While these unstructured building blocks suffice to encode implementations, they fail to yield clear understanding of the essential nature of algorithms and their correctness.
Although "GO TO
" has largely disappeared from modern programming, arrays are still widely embraced for parallel programming and machine learning.
The resulting programming style suffers in safety and compositionality, leading to code that is unnecessarily difficult to write, read, prove, and reuse.
The main message of this talk is that "array algorithms" are often not naturally array algorithms at all, but rather an error-prone, composition-resistant enmeshing of a safe, simple, and illuminating algorithm on a natural (non-array) data type, together with details of decoding from and encoding to arrays. By disentangling these natural data types and corresponding algorithms from their array encodings, we can gain deeper understanding of known algorithms and easily discover correct new algorithms, many of which are well-suited for the modern age of parallel hardware. Where desired, these clear, correct, and compositional algorithms can then be safely, correctly, and systematically (even automatically) converted to operate on arrays by applying a few simple principles in the form of well-known type isomorphisms.

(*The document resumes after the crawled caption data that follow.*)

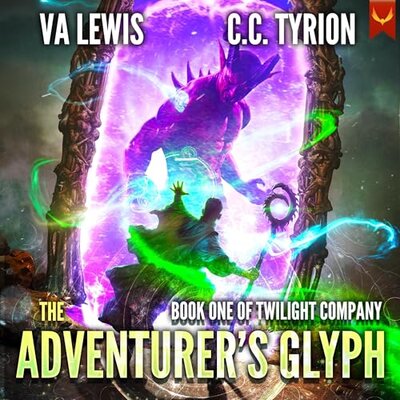 Stream The Twilight Company Book 1 by V.A. Lewis, C.C. Tyrion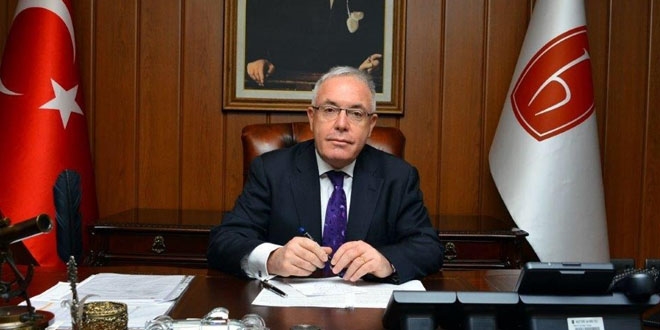 'Hacettepe Üniversitesi öncü konumunu bir kez daha gösterdi'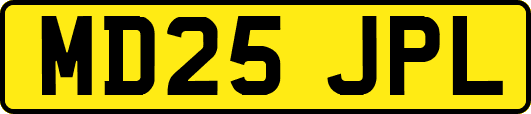 MD25JPL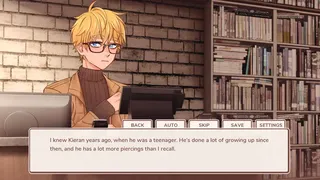 Скриншот 6 к игре A Studied Seduction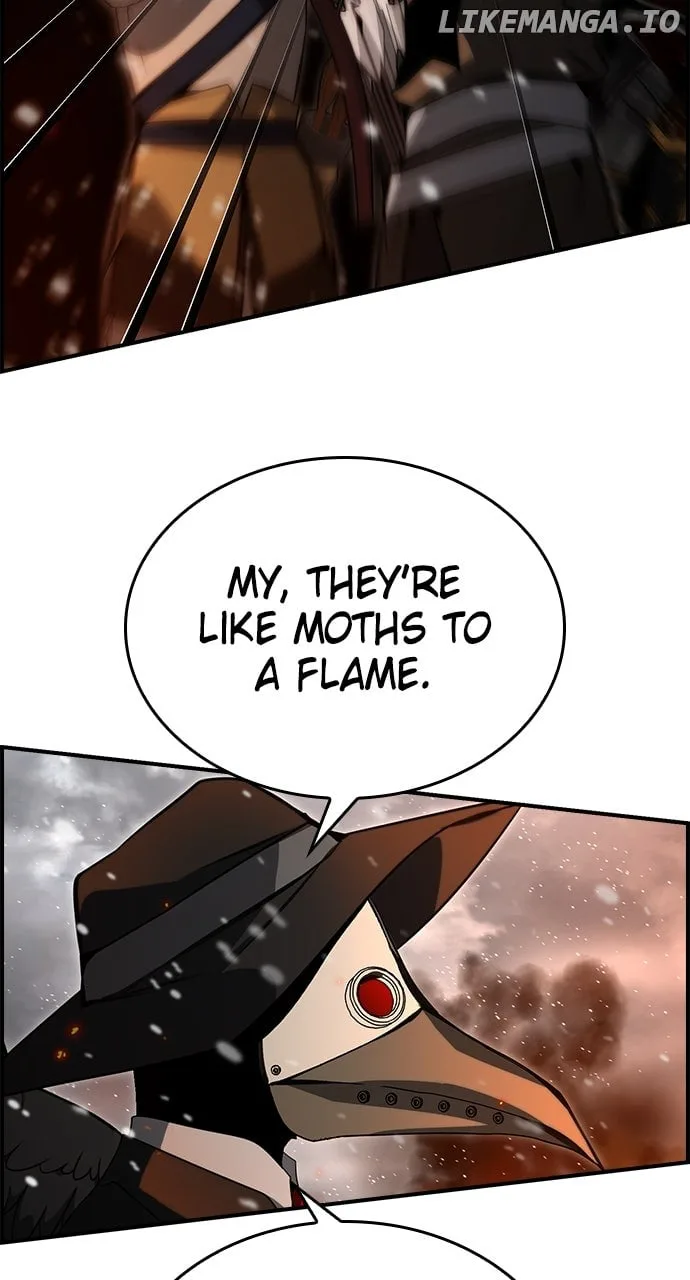 Bad Ending Maker chapter 83 page 11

Starting at 12:05 in the video, Jeremy conveyed a question about satisfying the key specification (commuting diagram) via degenerate parseZ
. I'm afraid it was a bit early in the morning for me, and the answer I gave was rambling and incorrect. We really are searching for any scanZ
that satisfies the specification, but we're not allowed arbitrary choices of parseZ
. Rather, the parsing functions correspond naturally to the essential (non-array) Z
type. Much later in the talk, I define all of these parsers parametrically. They're always isomorphisms for tries / Naperian functors (i.e., generalized, compositional, post-Fortran tensors). (They needn't isomorphisms for some non-Naperian functors, but even then they're semi-invertible and are defined naturally.)